Josh Price, “Broome jail needs transparency on deaths,” Press and Sun Bulletin November 11, 2016.
Broome County Sheriff David Harder needs to come clean about how and why so many people have died at the jail over the past two years.
He and his administration have blocked efforts by the press, families or community advocates to learn any details. Who was responsible? We need transparency and accountability.
News sources reported recently that there have been three deaths in the past year at the county jail. But according to the New York Commission of Correction, four men have died at the Broome County Jail since January 2015. These men have names: Salladin Barton (Jan. 14, 2015), Vachon Denis (Nov. 1, 2015), Kevin Carroll (Sept. 30, 2016) and Kenneth Richard Gunmoe (Oct. 22, 2016). Barton and Carroll had been waiting in jail for their day in court for more than a year. Since they had not been found guilty of anything, they were legally innocent.

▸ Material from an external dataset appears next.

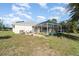This backyard includes a pool, a screened-in lanai, and tropical landscaping at 4010 Yucatan Cir, Port Charlotte, FL 33948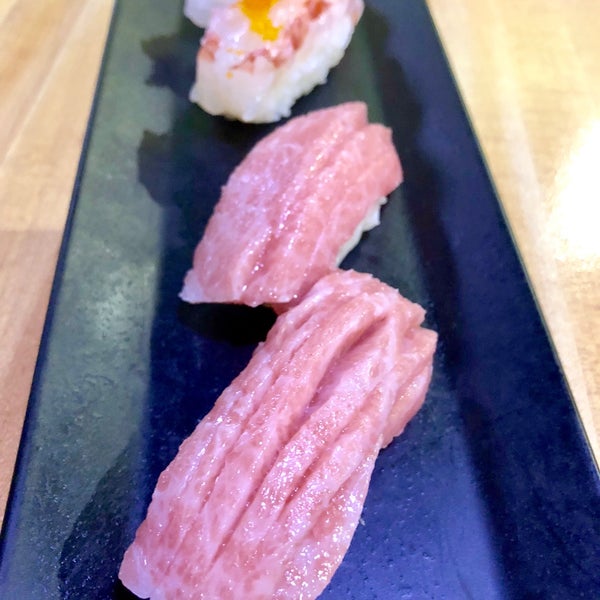 Photo taken at Sushi Ichimoto by Erica C. on 3/25/2018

Recently, Press & Sun reporter Hannah Schwarz asked Sheriff Harder if the jail planned to make any policy changes in response to two recent deaths at the Broome County Jail. “There’s no reason to,” he said. This bold defiance reveals an utter disavowal of any institutional responsibility for the mounting death count, not to mention a profound lack of sympathy or human compassion for the bereaved. The awful health care and disregard for human life represent a long-standing pattern.
I should know. In cooperation with the Broome/Tioga NAACP, I undertook an investigation of health care at the jail from 2004 to 2007. We interviewed people facing physical and mental health issues. It wasn’t only the medical unit that was responsible for poor health care, I discovered, but the entire institution. From unclean water and unhygienic conditions, to poor heating, lackadaisical (or outright abusive) corrections officers, the problems were systematic.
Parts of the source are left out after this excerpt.